Given our oppressive past, the Ombudsman must credit the government for the enormous effort it has made to improve the human rights situation in Namibia. However, much more needs to be done to ensure that the rights and freedoms guaranteed in our Constitution and the international instruments, ratified by Namibia, become a reality for all Namibians. The government must also be commended for the frank way in which issues are address in the State Report. It will be difficult to limit the submission to the 2007 position only. The submission will also touch on the current position in regard to some issues. The submission of the Ombudsman will emphasize key children rights issues that need to be addressed to give effect to constitutional guarantees. Some of these issues were addressed in the 2006 Annual Report of the Ombudsman.
Education is a key factor in sustainable development and for eradication of poverty. While education has become more accessible in all parts of the country, the level of educational attainment of the Namibian population is still very low. While primary education net enrolment keeps improving at levels of 92,3% in 2007 to 98,3% in 2009, there is a worrying trend of not retaining the number of enrolled primary school learners in secondary education. The education net enrolment for secondary education stood at 52,6% in 2007 and 54,8% in 2009.
This means that proportionally more children drop out or do not get access to education at all.
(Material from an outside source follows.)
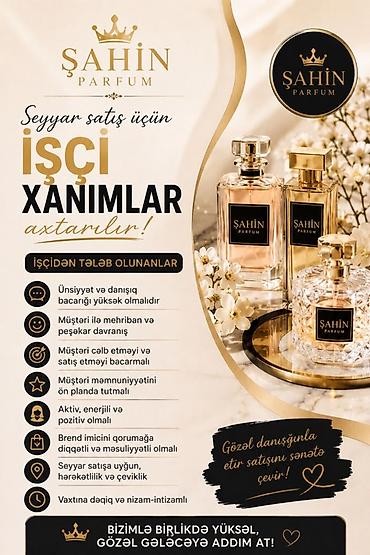 model isi axtariram: Satış məsləhətçisi tələb olunur, Yalnız qadınlar üçün, İstənilən yaş, Təcrübəsiz, Gündəlik ödəniş — 3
The Namibian Constitution guarantees free and compulsory primary education. However parents must contribute to the school development fund, pay for stationary, uniforms, school books, transport and examination fees. Parents who cannot afford the school development fund may apply for exemption. The Ombudsman call on government to:
- abolish the school development fund for primary education and to introduce legislative, administrative and other measures to compel children to attend school, thereby reducing the school drop out rate;
- to introduce steps towards progressively achieving free secondary and higher education;
- encourage a culture of respect for human rights from an early age by introducing human rights education in schools;
- expand the program of vocational education to accommodate school drop outs as well as those who complete primary or secondary education but without skills to offer in the urban labour market.
- provide education facilities that are on par in all parts of the country;
- align education to economic needs.
2. Poverty and Unemployment
Entrenched poverty impacts significantly on the overall well-being of children. Namibia remains one of the most economically unequal countries in the world. The causes of poverty are many and varied. Namibia is faced with a huge unemployment problem. In 2004 the rate of unemployment was 36,7%. It is currently 51%, although some doubt is now expressed about the percentage. To address the unemployment problem, the education system needs to be tailor made to the labour market needs. Wages and salaries play significant roles in the livelihood of the majority, as 48% of the country depends on wages for subsistence. Wage levels for the less educated majority remains low. The Namibia Occupational Wage Survey (NOWS) 2002 reveals that 14,9% of employees in various industries earn N$ 600-00 and below per month. The extend to which this amount attributes to a fair wage sufficient to guarantee a decent living for a family, is highly questionable. Neither the Labour Act or any other law provides for statutory minimum wages, although the mining, construction and agricultural sectors set basic levels of pay through collective bargaining. This highlights the need for Government to introduce a comprehensive wage policy in the country calling for the introduction of minimum wages in all sectors of the economy.
The Ombudsman calls on Government to prioritize the creation of productive employment there by improving Namibia’s income distribution and combating poverty.